Dipnot Yayınları’nın antropoloji serisi elbette sadece bu kitaplardan ibaret değil. Clifford Geertz’in klasik eser, Gerçeğin Ardından: Bir Antropoloğun Gözünden İki İslam Ülkesinin Son Kırk Yılı (2011), Rayna Reiter tarafından derlenen Kadın Antropolojisi (2014) serinin diğer kitaplarından.

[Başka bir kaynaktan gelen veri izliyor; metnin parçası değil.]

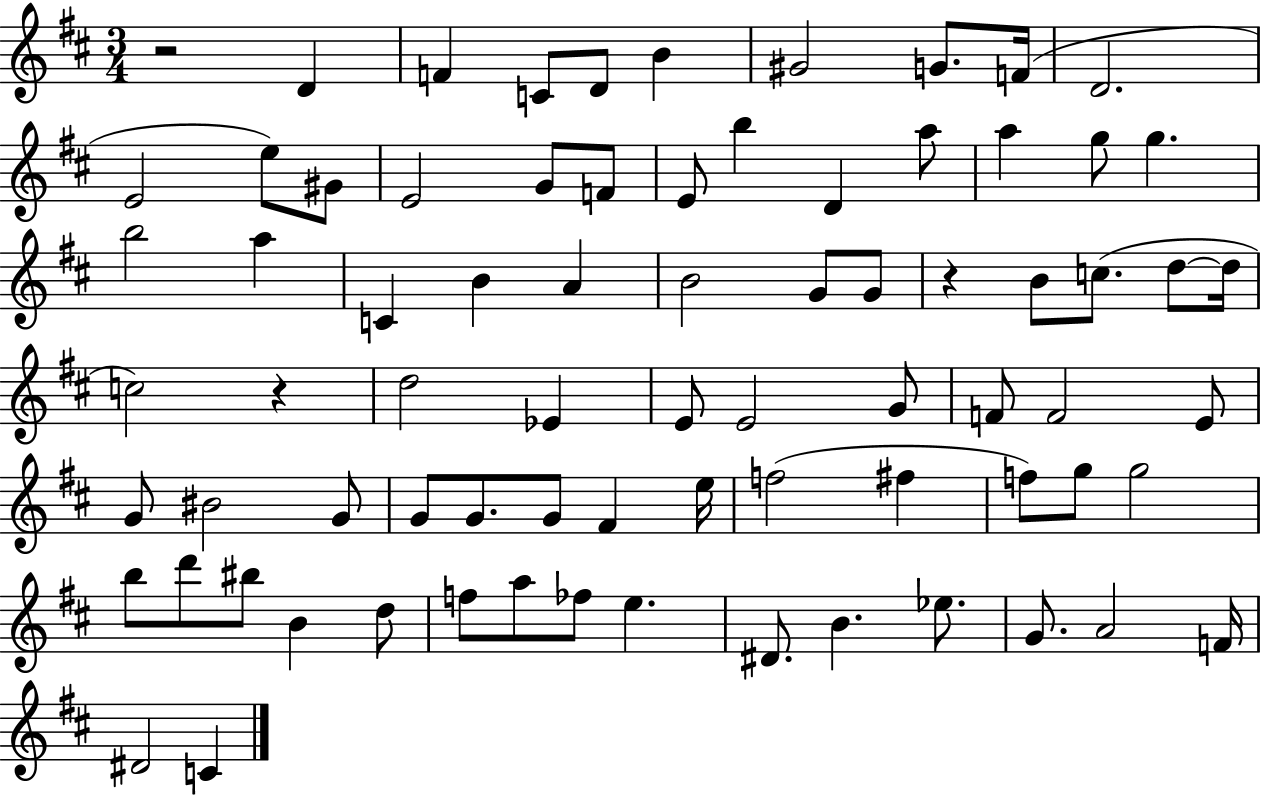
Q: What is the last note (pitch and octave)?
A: C4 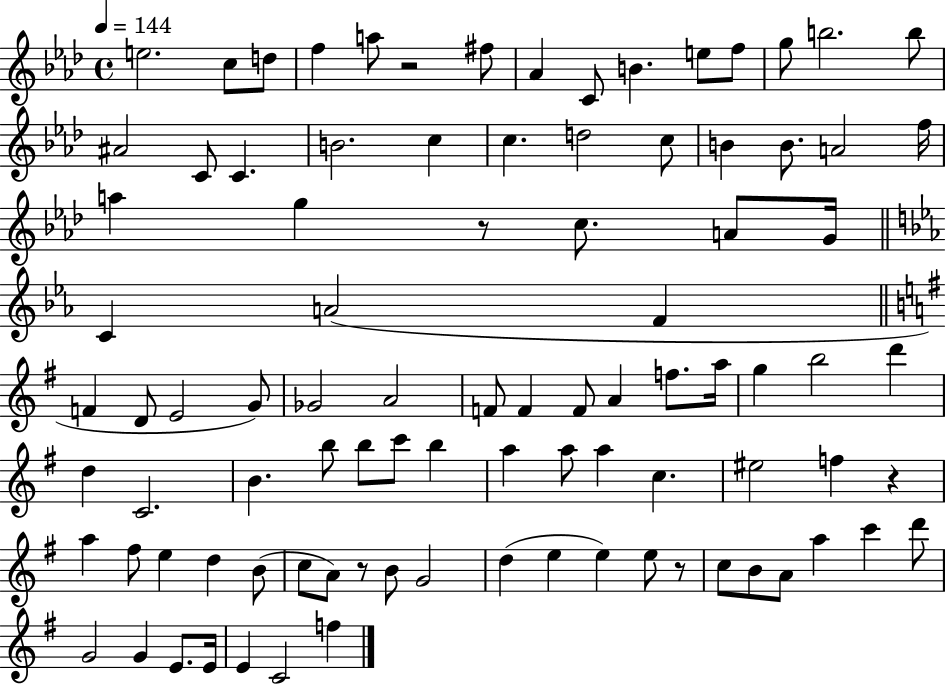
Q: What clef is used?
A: treble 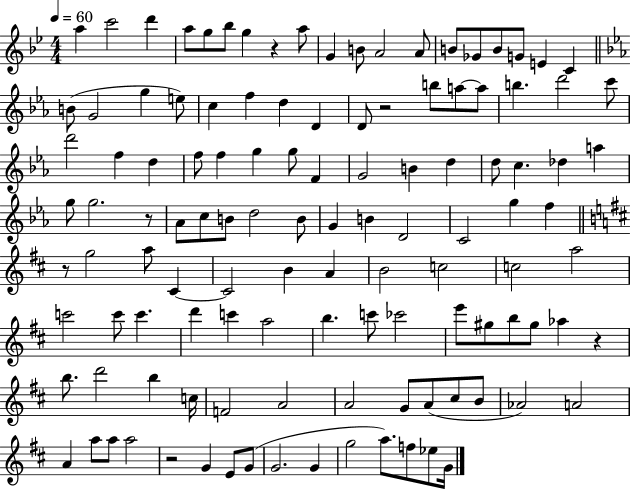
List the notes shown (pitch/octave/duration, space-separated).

A5/q C6/h D6/q A5/e G5/e Bb5/e G5/q R/q A5/e G4/q B4/e A4/h A4/e B4/e Gb4/e B4/e G4/e E4/q C4/q B4/e G4/h G5/q E5/e C5/q F5/q D5/q D4/q D4/e R/h B5/e A5/e A5/e B5/q. D6/h C6/e D6/h F5/q D5/q F5/e F5/q G5/q G5/e F4/q G4/h B4/q D5/q D5/e C5/q. Db5/q A5/q G5/e G5/h. R/e Ab4/e C5/e B4/e D5/h B4/e G4/q B4/q D4/h C4/h G5/q F5/q R/e G5/h A5/e C#4/q C#4/h B4/q A4/q B4/h C5/h C5/h A5/h C6/h C6/e C6/q. D6/q C6/q A5/h B5/q. C6/e CES6/h E6/e G#5/e B5/e G#5/e Ab5/q R/q B5/e. D6/h B5/q C5/s F4/h A4/h A4/h G4/e A4/e C#5/e B4/e Ab4/h A4/h A4/q A5/e A5/e A5/h R/h G4/q E4/e G4/e G4/h. G4/q G5/h A5/e. F5/e Eb5/e G4/s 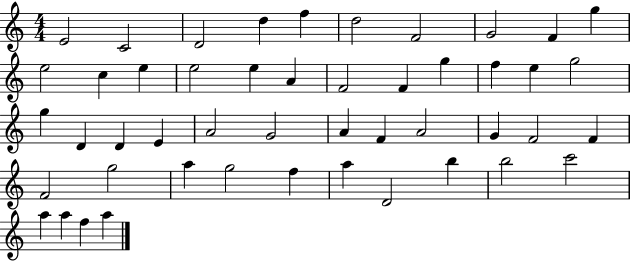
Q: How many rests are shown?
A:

Derdi olan yayınevlerinin varlığı entelektüel iklimin zenginleşmesinde çok ama çok büyük katkılarda bulunuyor. Çeviri faaliyetinin basitçe bir yerden bir yere aktarma değil, bir düşünme, kültürel ve düşünsel etkileşim faaliyeti olduğu düşünüldüğünde bu tür çabalar daha da bir önem kazanıyor. Dipnot Yayınları antropoloji serisinin özenle seçilmiş bu kitaplarının bize söylediği bir şey var: “kendimize” sağlam bir şekilde bakabilmek için başka yerlere/başka yerlerden bakma yeteneğimize dört elle sarılmak zorundayız. Zira yaşamın “kodları”, her şeyi tek hamlede soğuran devasa büyüklükteki kuramlarda ve kavramlarda değil, ister modern ister modern öncesi olsun, yaşamın inanılmaz çoğulluktaki ve zenginlikteki ayrıntılarında.